"¡Podrías haberte negado! – exclamó ella – . ¡Podrías haber dicho 'no'! Pero elegiste el dinero en lugar de las personas. ¿Cómo pudiste?"
Sus palabras cortaban a Tomás, pero él entendía que ella tenía razón. Intentó explicar que en su profesión a menudo debía tomar decisiones difíciles, que no todo era tan sencillo, pero Emma no quería escuchar. Para ella, eso era una traición a los valores que, pensaba, ambos compartían.
Su discusión duró horas. Emma acusaba a Tomás de cinismo, de haber perdido la conexión con la realidad, con las personas que sufrían debido a decisiones tomadas en oficinas. Tomás, por su parte, se defendía diciendo que el mundo no era perfecto, que a veces había que llegar a compromisos.

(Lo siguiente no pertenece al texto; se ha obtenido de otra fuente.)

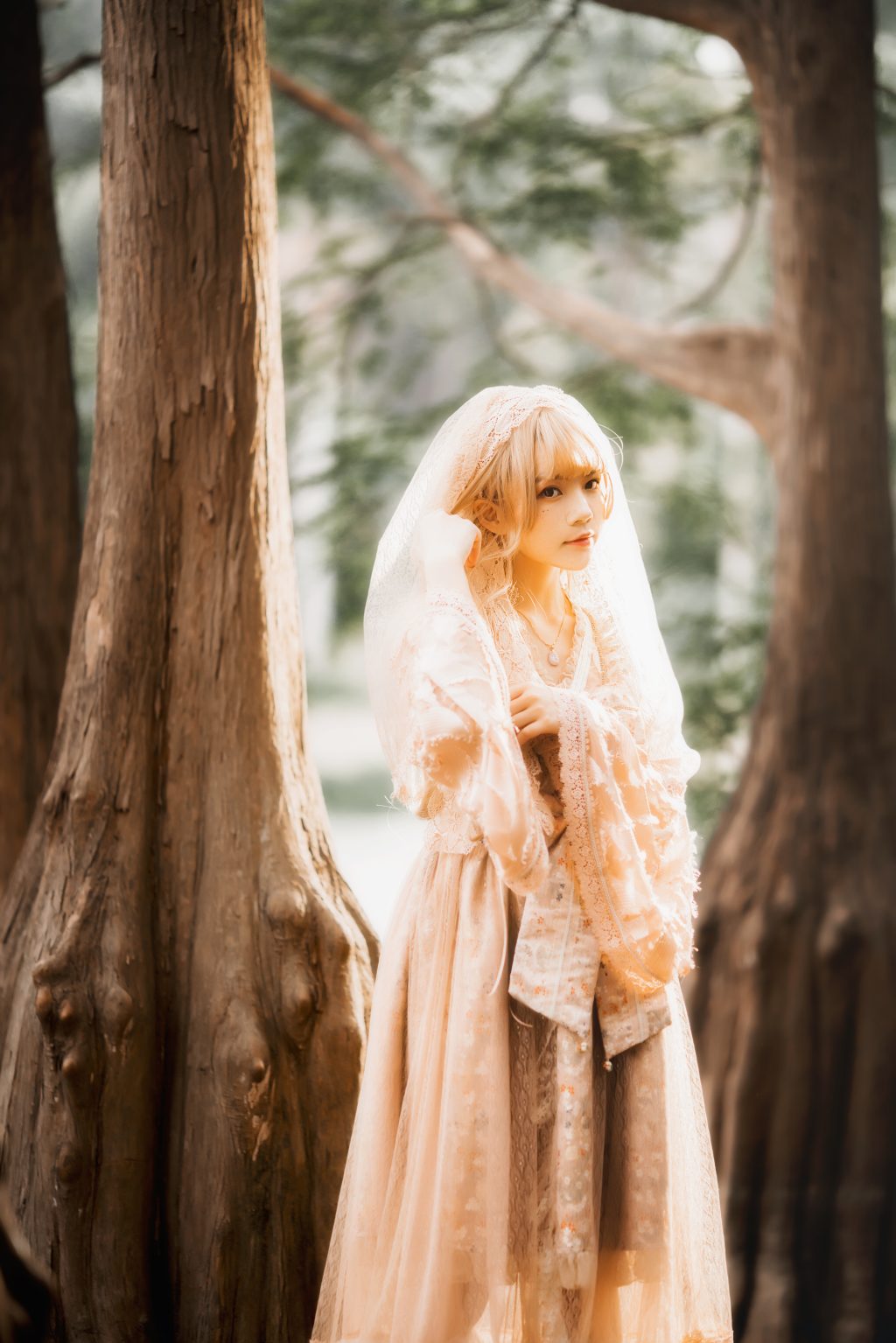 Watch sexy Coser@桜桃喵 Vol.136: 天照LOLITA photos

Pero para Emma, un compromiso con su conciencia era imposible.
Esta pelea fue un punto de inflexión en su relación. Emma sentía que entre ellos había crecido un muro que no sabía cómo superar. Siempre había admirado a Tomás por su inteligencia, su determinación, pero ahora veía en él a alguien que, por su carrera, estaba dispuesto a sacrificar sus principios. Y Tomás, a su vez, sentía que Emma no entendía la complejidad de su trabajo, que lo juzgaba demasiado severamente.
Paseos por la plaza
Después de la pelea con Tomás, Emma encontró consuelo en sus paseos por una de las calles del casco antiguo que conducía a una pequeña plaza con una fuente. Este lugar se convirtió en su refugio, un rincón de tranquilidad donde podía estar a solas con sus pensamientos. La plaza no era grande, pero era acogedora, rodeada de antiguas casas con techos de tejas y adornada con una fuente en cuyo centro había una figura de piedra de un ángel sosteniendo una jarra de la que brotaba agua.

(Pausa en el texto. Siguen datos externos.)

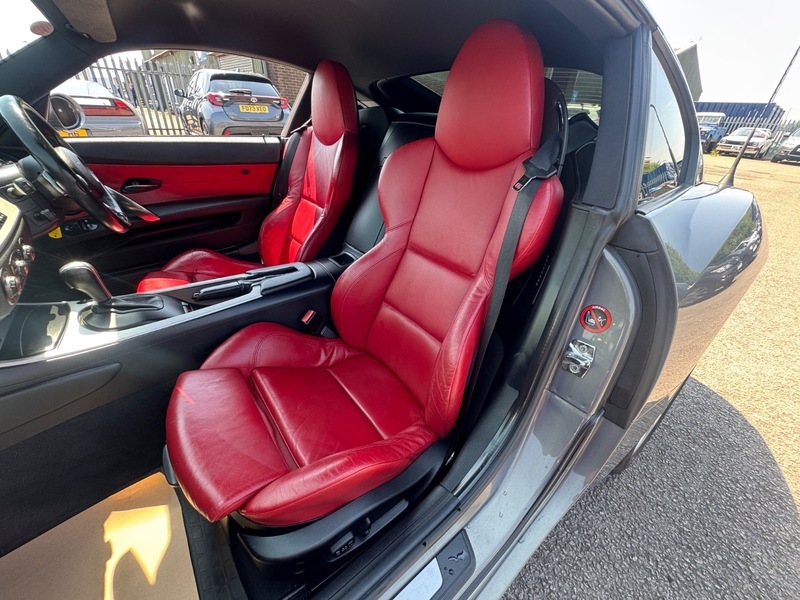 BMW Z4 2.5I Se Euro 4 Silver #8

Pero los verdaderos habitantes de la plaza eran las palomas. Siempre había muchas – bandadas de aves grises, blancas y marrones que se reunían alrededor de la fuente en busca de agua y migajas dejadas por los transeúntes. A Emma le encantaba observarlas. Venía aquí con una bolsita de pan o grano y se sentaba en un banco bajo un árbol frondoso. Las palomas rápidamente se acostumbraron a ella y comenzaban a acercarse en cuanto la veían. Volaban alrededor, se posaban en sus hombros, picoteaban las migajas de sus manos, y en esos momentos Emma sentía cómo sus preocupaciones y tristezas se desvanecían poco a poco.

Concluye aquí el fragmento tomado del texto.